* **TASK DETAILS**
Reproduce the top of the data verbatim, through and including the line that contains "ancienne boite outils".

Records from a dataset
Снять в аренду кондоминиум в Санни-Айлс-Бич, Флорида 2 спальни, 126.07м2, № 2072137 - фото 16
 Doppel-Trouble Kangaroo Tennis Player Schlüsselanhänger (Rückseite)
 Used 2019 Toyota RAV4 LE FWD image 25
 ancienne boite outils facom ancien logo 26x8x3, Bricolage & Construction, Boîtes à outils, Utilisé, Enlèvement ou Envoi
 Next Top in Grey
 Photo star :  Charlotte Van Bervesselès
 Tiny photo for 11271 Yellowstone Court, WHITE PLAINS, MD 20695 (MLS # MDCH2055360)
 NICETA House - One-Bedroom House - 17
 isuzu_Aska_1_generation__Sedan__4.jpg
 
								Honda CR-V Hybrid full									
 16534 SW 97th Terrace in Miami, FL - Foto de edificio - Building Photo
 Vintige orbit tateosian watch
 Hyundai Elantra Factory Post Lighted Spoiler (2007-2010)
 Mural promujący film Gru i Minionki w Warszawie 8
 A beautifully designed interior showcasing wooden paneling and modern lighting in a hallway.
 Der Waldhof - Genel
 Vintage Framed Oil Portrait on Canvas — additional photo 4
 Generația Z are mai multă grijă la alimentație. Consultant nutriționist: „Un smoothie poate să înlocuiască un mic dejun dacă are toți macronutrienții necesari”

* **RESPONSE TO THE TASK**
Снять в аренду кондоминиум в Санни-Айлс-Бич, Флорида 2 спальни, 126.07м2, № 2072137 - фото 16
 Doppel-Trouble Kangaroo Tennis Player Schlüsselanhänger (Rückseite)
 Used 2019 Toyota RAV4 LE FWD image 25
 ancienne boite outils facom ancien logo 26x8x3, Bricolage & Construction, Boîtes à outils, Utilisé, Enlèvement ou Envoi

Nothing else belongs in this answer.